Based on the present study results and supporting evidence from previous studies, we can safely assume that Type D personality traits may be the key factor of developing not only depression, anxiety, and psychosomatic disorders but also different chronic illnesses, such as diabetes and heart-related problems. Type D personality may also create management problems of these medical diseases. For example, Spek et al. [
28] reported that Type D individuals have to face difficulties in coping and managing stress in diabetes. Therefore, effective therapeutic intervention to improve perceived social support may lower depression, psychosomatic symptoms, and other medical illnesses associated with Type D individuals.
Altogether, this study found that a person with Type D personality shows more anxiety, depression, and psychosomatic symptoms. The study also concluded that Type D individuals perceived less social support from family, friends, and significant others than non-Type D individuals.

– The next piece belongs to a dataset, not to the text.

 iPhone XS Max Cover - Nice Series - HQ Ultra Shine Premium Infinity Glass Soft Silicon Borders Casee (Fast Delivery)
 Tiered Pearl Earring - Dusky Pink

In the present study, the authors used a homogenous and small-size sample. In future studies, it is recommended that results be inferred from heterogeneous and large-size samples. It is also recommended to make psychiatric diagnoses and personality assessments among the student population to get better conclusions.
Ethical Considerations
Compliance with ethical guidelines
All ethical principles are considered in this article. The participants were informed about the purpose of the research and its implementation stages. They were also assured about the confidentiality of their information and were free to leave the study whenever they wished, and if desired, the research results would be available to them.
Funding
This research did not receive any grant from funding agencies in the public, commercial, or non-profit sectors.
Authors contributions
Both authors equally contributed to preparing this article.
Conflicts of interest
The authors declared no conflict of interest.